How a Root Canal Actually Works
If you come to see Dr. Doctor with a hurting tooth, he’ll start by giving you an exam to figure out what is causing the problem. If he determines that you need a root canal, the procedure will involve the following steps:
- He’ll start by numbing the tooth and the surrounding area with local anesthetic
- A small hole will be placed in the enamel to allow access to the pulp
- The diseased pulp will be removed
- The interior of the tooth will be cleaned, sanitized, and filled
- A temporary restoration will be placed on the tooth, and at a follow-up appointment, the tooth will be further rebuilt with a dental crown
For most patients, the entire procedure takes about 60-90 minutes, and many report feeling next to nothing while in the chair. Afterward, a little swelling or tenderness is normal, but this should go away after a few days. Thanks to Dr. Doctor, your treated tooth will be able to look and function normally for many years to come.
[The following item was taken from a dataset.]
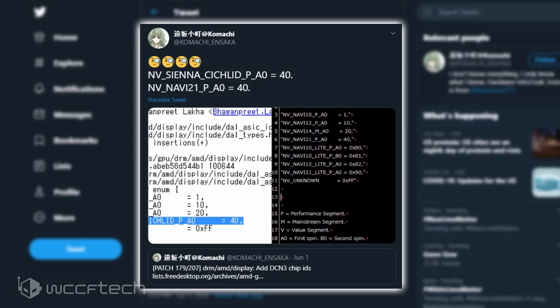According to Komachi, the Navi-based Sienna Cichlid GPU has appeared as variant 40 before too. This specific variant is matched with Navi 21P-A0, which was found in another leaked codename file. There are several other variants too, which have yet to be found and could go by different codename names.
Root Canal Surgery, aka Apicoectomy
If an infection in the dental pulp is left alone, it can actually spread beyond the root of a tooth and into the nearby jawbone. To fix this type of problem, a procedure called an apicoectomy has to be performed. Dr. Doctor can do this himself, and it will involve making a small hole in the bone near the tooth, removing all of the infected tissue, sealing off the root of a tooth to prevent further infection, and then suturing the area closed.
Nothing to Fear Anymore
If one of your teeth is causing you pain, don’t wait to seek out the care you need. With a root canal, Dr. Doctor can fix your tooth in a single appointment so you have one less thing to worry about. To learn more and schedule an appointment, contact us today.
Root Canal Coverage
Root recession is possible thanks to a connective tissue graft. Useful careful precision, the dentist can make small incisions that provide just enough room for the graft. Using tissue harvested from the palate, it is placed into the space, covering the root. Extending beyond the defect, nutrients are able to feed the graft. Tissues and sutures may or may not be covered with protective packing. One the sutures dissolve, the graft blends with adjacent attach gingival tissue. It’s also important to note that there are limits to this type of procedure.